We Need Bolder Actions to Take On Our Primary Care Crisis
(December 2023)
By Barbra G. Rabson
In a post earlier this year, I noted the threat to the sustainability of our state’s health care system if it continues to prioritize spending on hospital care and underspend in primary care. Since then, I have been encouraged by some welcome indications that key leaders are recognizing the depth of the problem we are facing in primary care and are taking steps in the right direction to address it:
- Barbara Spivak, the current President of the Massachusetts Medical Society and a former member of the MHQP board of directors, has sounded an alarm regarding the shortage of primary care physicians in the Commonwealth. Dr. Spivak writes: “The dearth of primary care physicians in Massachusetts is no longer a looming public health threat. It is here and represents a major public health crisis that requires urgent and sustainable financial investment and actions aimed at recruiting and retaining primary care physicians.”

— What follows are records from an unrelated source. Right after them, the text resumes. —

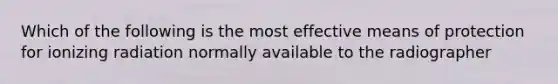 Which of the following is the most effective means of protection for ionizing radiation normally available to the radiographer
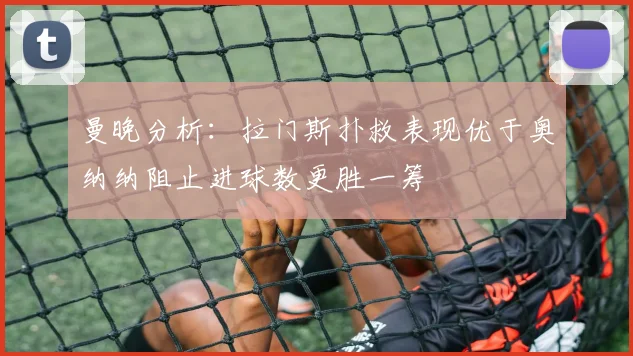曼晚分析：拉门斯扑救表现优于奥纳纳阻止进球数更胜一筹
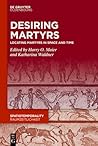 Desiring Martyrs: Locating Martyrs in Space and Time (SpatioTemporality / RaumZeitlichkeit, 10)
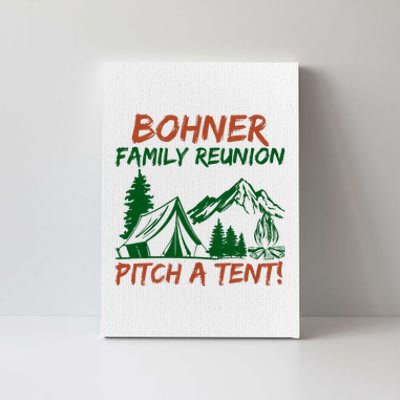 Bohner Family Reunion Pitch A Tent Funny Camping Canvas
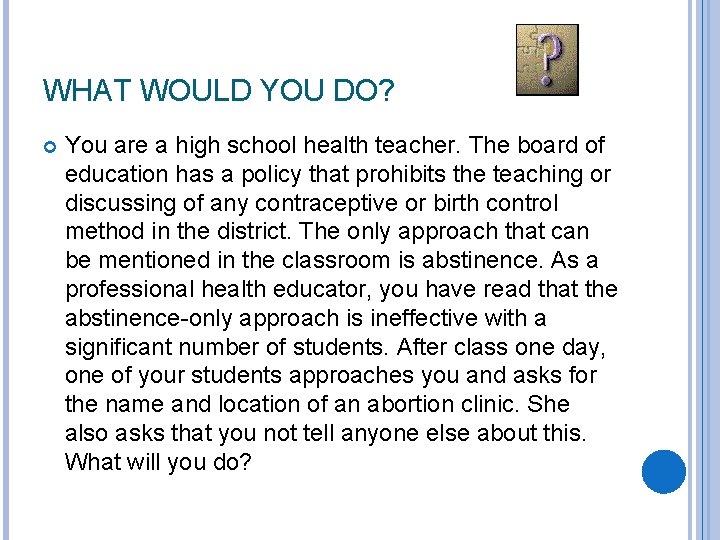 WHAT WOULD YOU DO? You are a high school health teacher. The board of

- MassHealth has announced its plan to increase investment in primary care practices that participate in the Primary Care Sub-Capitation Program for Accountable Care Organizations (ACOs). Sub-capitation rates will increase 25% for adults and 35% for children for the underlying provider fee schedule used to develop sub-capitation rates. This is welcome news for independent primary care practitioners such as pediatrician Aaron Bornstein, who has been tirelessly advocating on this issue.
- Senator Cindy Friedman and Wayne Altman are championing Primary Care for You (PC4You), proposed legislation to increase Massachusetts’ investment in primary care from the 2020 level of 7.6% across all insurers to about 12 to 15% of overall health care expenditures by 2029.

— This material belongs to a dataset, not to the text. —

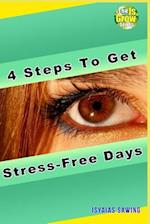 4 Steps to Get Stress-Free Days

- The U.S. Department of Health and Human Services (HHS) has released an issue brief outlining recent and planned federal initiatives federal agencies are taking to strengthen primary care.
These are signs that we are moving in the right direction, yet we are still falling behind. In 2021, the National Academy of Science, Engineering and Medicine (NASEM) released its report on Implementing High Quality Primary Care, calling for immediate action. It is now two years later, and primary care is in critical condition and deteriorating quickly. Access to primary care is now severely limited and spending for primary care is in a sharp decline.

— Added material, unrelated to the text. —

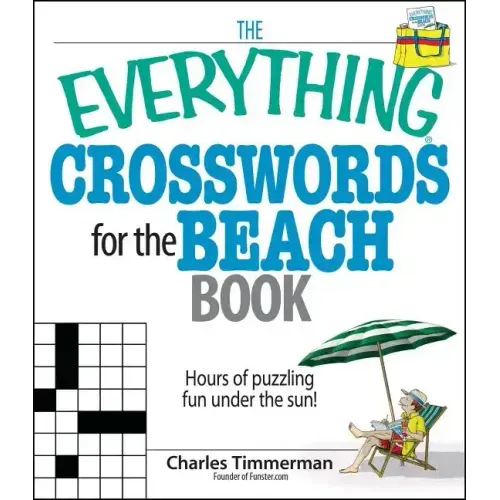 The Everything Crosswords for the Beach Book: Hours of Puzzling Fun Under the Sun!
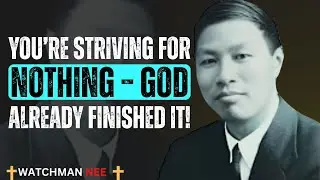 Stop Striving: God Already Did It | ROYAL AND BEST MOTIVATIONAL SPEECH BY WATCHMAN NEE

Politico recently published an article entitled “No one’s promising you can keep your doctor anymore.” Last month, Massachusetts media reported that MassGeneralBrigham (MGB), the biggest and most well-endowed healthcare system in Massachusetts, has so few primary care physicians that many MGB sites are turning away new patients.
In a new report issued by the Primary Care Collaborative entitled Health Is Primary Charting a Path to Equity and Sustainability, the authors identify many supply-and-demand issues challenging the provision of relationship-based primary care. The report cites that Massachusetts has experienced one of the greatest net losses of primary care clinicians in the nation, an 18% net loss of primary care clinicians per 100,000 population.
We also know from the Massachusetts Primary Care Dashboard, which MHQP produces with the Center for Health Information and Analysis (CHIA), that primary care dollars as a percent of total healthcare spending for commercial insurers in Massachusetts went from 7.9% in 2019 to 7.3% in 2020 and then dropped to 6.9% in 2021 according to CHIA’s latest report on primary care spending. Even more alarming, the percent of Medicare Advantage spending going to primary care dropped from 5.2% in 2019 to 4.6% in 2020 and 4.2% in 2021. Primary care spending as a percent of total spending fell a full percentage point in two years for both commercial insurance and Medicare Advantage plans.
Despite growing awareness and momentum to support primary care, we are still chasing the problem as it accelerates. The Massachusetts Health Policy Commission (HPC) listed strengthening primary and behavioral health care as one of its nine policy recommendations in its 2023 Health Care Cost Trends report. But, given the urgency of the situation in Massachusetts and the HPC’s welcome focus on health equity and affordability, we need more targeted action.
This is a real crisis, and we have already crossed a line from which recovery will be difficult. While I am heartened by the increased attention primary care is receiving in our state and nationally, I am concerned that our steps are not strong enough to meet the moment and match the speed of decline. We need to work together and take bold action to address this crisis.